→ **MATERIAL PROVIDED**

----------

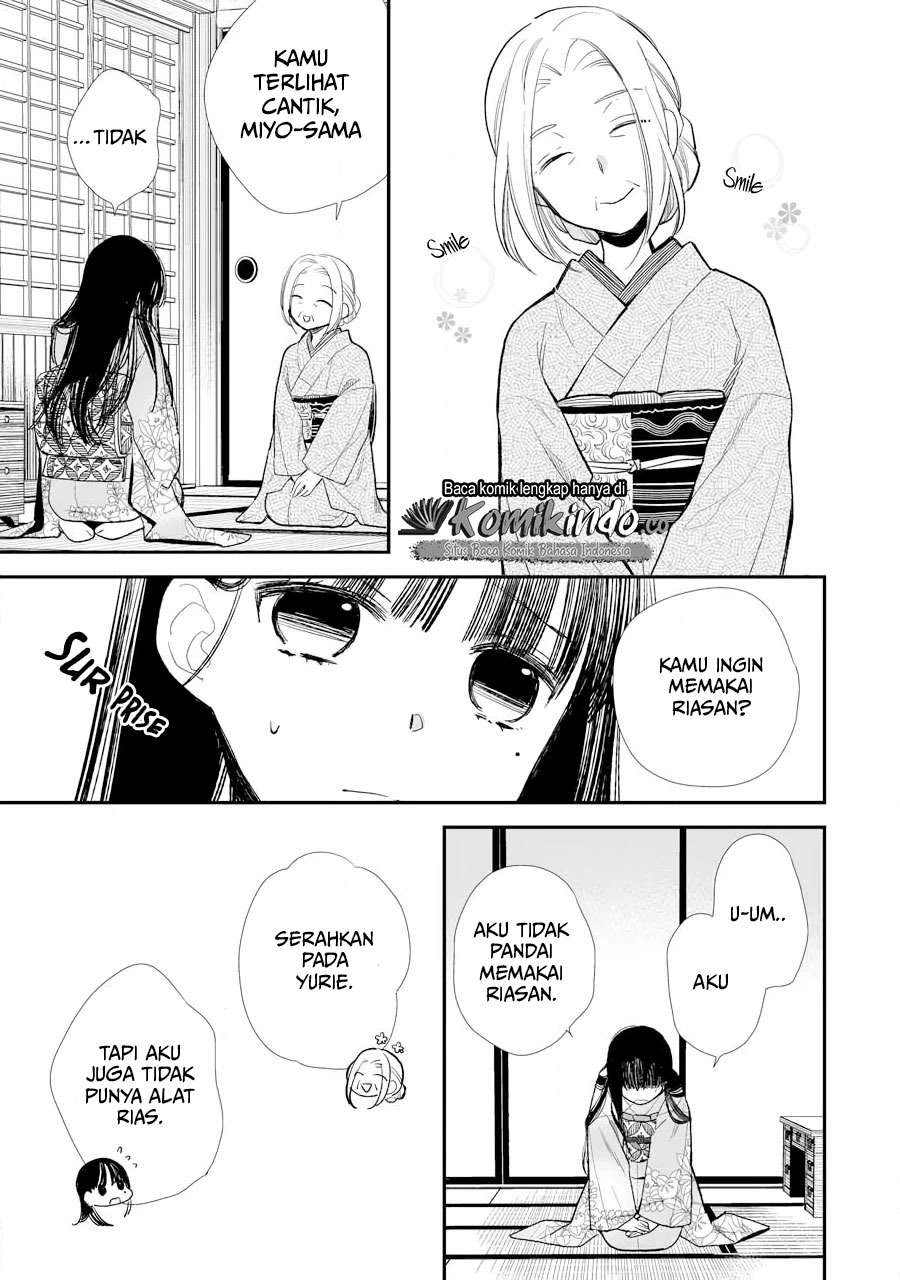 My Blissful Marriage (Watashi no Shiawase na Kekkon) Chapter 05 Bahasa Indonesia
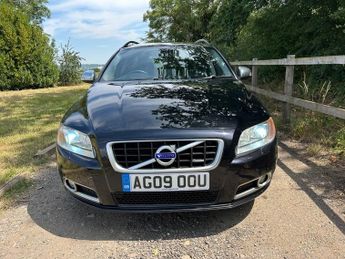 Volvo V70 T6 R-DESIGN SE PREMIUM AWD 2 FORMER KEEPERS FULL SERVICE HISTORY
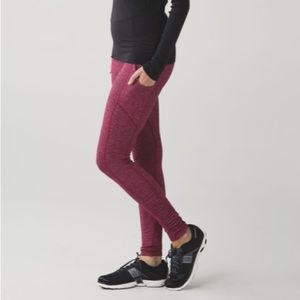 Lululemon Speed Tight IV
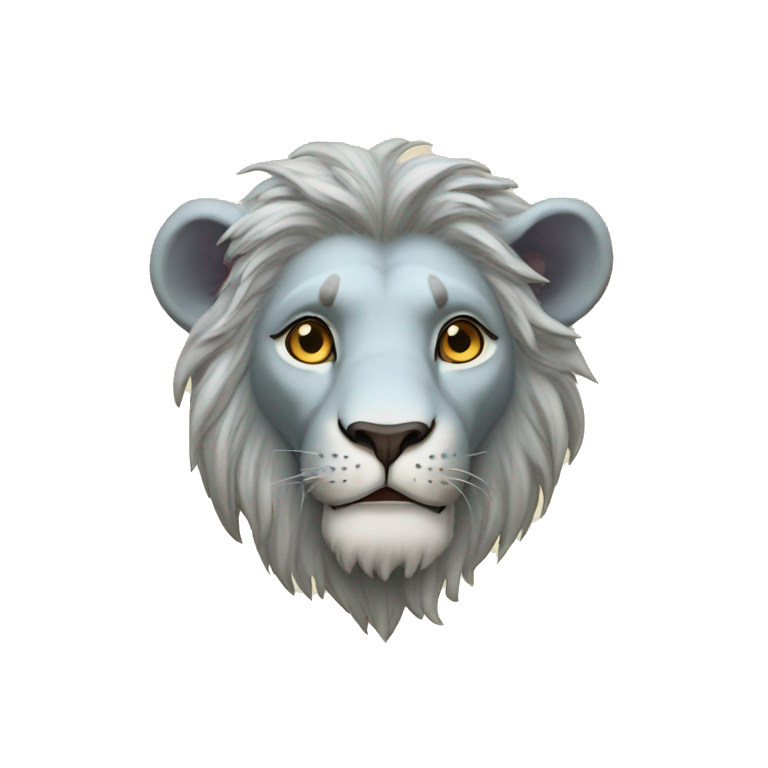 The lion, the witch and the wardrobe emoji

----------

→ **WHAT IS REQUIRED**
Only the lines starting at the one that holds "Volvo V70 T6" and ending at the last line of the data belong in your answer. Please set them down exactly and omit the pictures.

→ **WRITTEN RESPONSE**
 Volvo V70 T6 R-DESIGN SE PREMIUM AWD 2 FORMER KEEPERS FULL SERVICE HISTORY
 Lululemon Speed Tight IV
 The lion, the witch and the wardrobe emoji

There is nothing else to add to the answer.